The attached app is a prototype I need for a task I have in mind but its also useful as a general purpose tool for processing word lists passed in the form of one word per line that are CRLF delimited. You will need to download the two libraries I have posted on this site (saves duplication) and it will build OK.
It uses a hash table to test for duplicates and in this case, case sensitive and while the setup time is a bit slow as it creates a basic dynamic string array for the hash table, it has massive capacity (if you have enough memory) and once the array is allocated, it is genuinely fast.
Usage is simple, input file with word list and the name of the output file.

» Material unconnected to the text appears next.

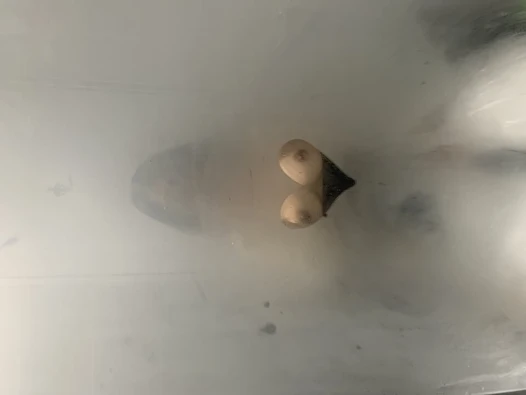 Memelerde amcık kremlerini siliyor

uwords infile.ext outfile.ext
The "sauce". :tongue:
' ¤¤¤¤¤¤¤¤¤¤¤¤¤¤¤¤¤¤¤¤¤¤¤¤¤¤¤¤¤¤¤¤¤¤¤¤¤¤¤¤¤¤¤¤¤¤¤¤¤¤¤¤¤¤¤¤¤¤¤¤¤¤¤¤¤¤¤¤¤¤¤¤¤¤¤¤¤¤¤¤¤¤¤¤¤¤¤¤¤¤¤¤¤¤¤¤¤¤
#compile exe "uWords.exe"
#compiler PBWIN
#link "hashcode.lib" ' link the two (2) libraries
#link "pbgplib.lib"
' ¤¤¤¤¤¤¤¤¤¤¤¤¤¤¤¤¤¤¤¤¤¤¤¤¤¤¤¤¤¤¤¤¤¤¤¤¤¤¤¤¤¤¤¤¤¤¤¤¤¤¤¤¤¤¤¤¤¤¤¤¤¤¤¤¤¤¤¤¤¤¤¤¤¤¤¤¤¤¤¤¤¤¤¤¤¤¤¤¤¤¤¤¤¤¤¤¤¤
FUNCTION PBmain as LONG
LOCAL hash1() as STRING ' tables must be used in 1 2 order
LOCAL hash2() as STRING
LOCAL indx as DWORD
LOCAL rtn as DWORD
LOCAL cnt as DWORD
LOCAL wcnt as DWORD
cmd$ = command$ ' get the command line
cmd$ = block_monospace$(cmd$) ' clean up the comand line
ifile$ = parse$(cmd$," ",1) ' get source file name
If exist(ifile$) = 0 Then
msgbox "File cannot be found",0,"No source file"
Exit FUNCTION
End If
ofile$ = parse$(cmd$," ",2) ' get the target file name
If ofile$ = "" Then
msgbox "No target specified",0,"Missing target name"
Exit FUNCTION
End If
txt$ = load_file(ifile$) ' load source file
wcnt = tally(txt$,chr$(13,10)) ' count lines
txt$ = "" ' deallocate string
indx = Hash_Init(wcnt,hash1(),hash2())
Open ifile$ for Input as #1 ' open both files for file IO
Open ofile$ for Output as #2
cnt = 0 ' zero the word counter
Do
Line Input #1, txt$
rtn = hash_write(txt$,"?",hash1(),hash2(),indx) ' 2nd text arg is not used
If rtn = 0 Then ' 0 is success, other is duplicate
! add cnt, 1 ' increment counter of unique words
Print #2, txt$ ' write unique word to disk file
End If
Loop While not eof(1)
Close #2
Close #1
erase hash1()
erase hash2()
msgbox "Unique word count",0,str$(cnt)
End FUNCTION
' ¤¤¤¤¤¤¤¤¤¤¤¤¤¤¤¤¤¤¤¤¤¤¤¤¤¤¤¤¤¤¤¤¤¤¤¤¤¤¤¤¤¤¤¤¤¤¤¤¤¤¤¤¤¤¤¤¤¤¤¤¤¤¤¤¤¤¤¤¤¤¤¤¤¤¤¤¤¤¤¤¤¤¤¤¤¤¤¤¤¤¤¤¤¤¤¤¤¤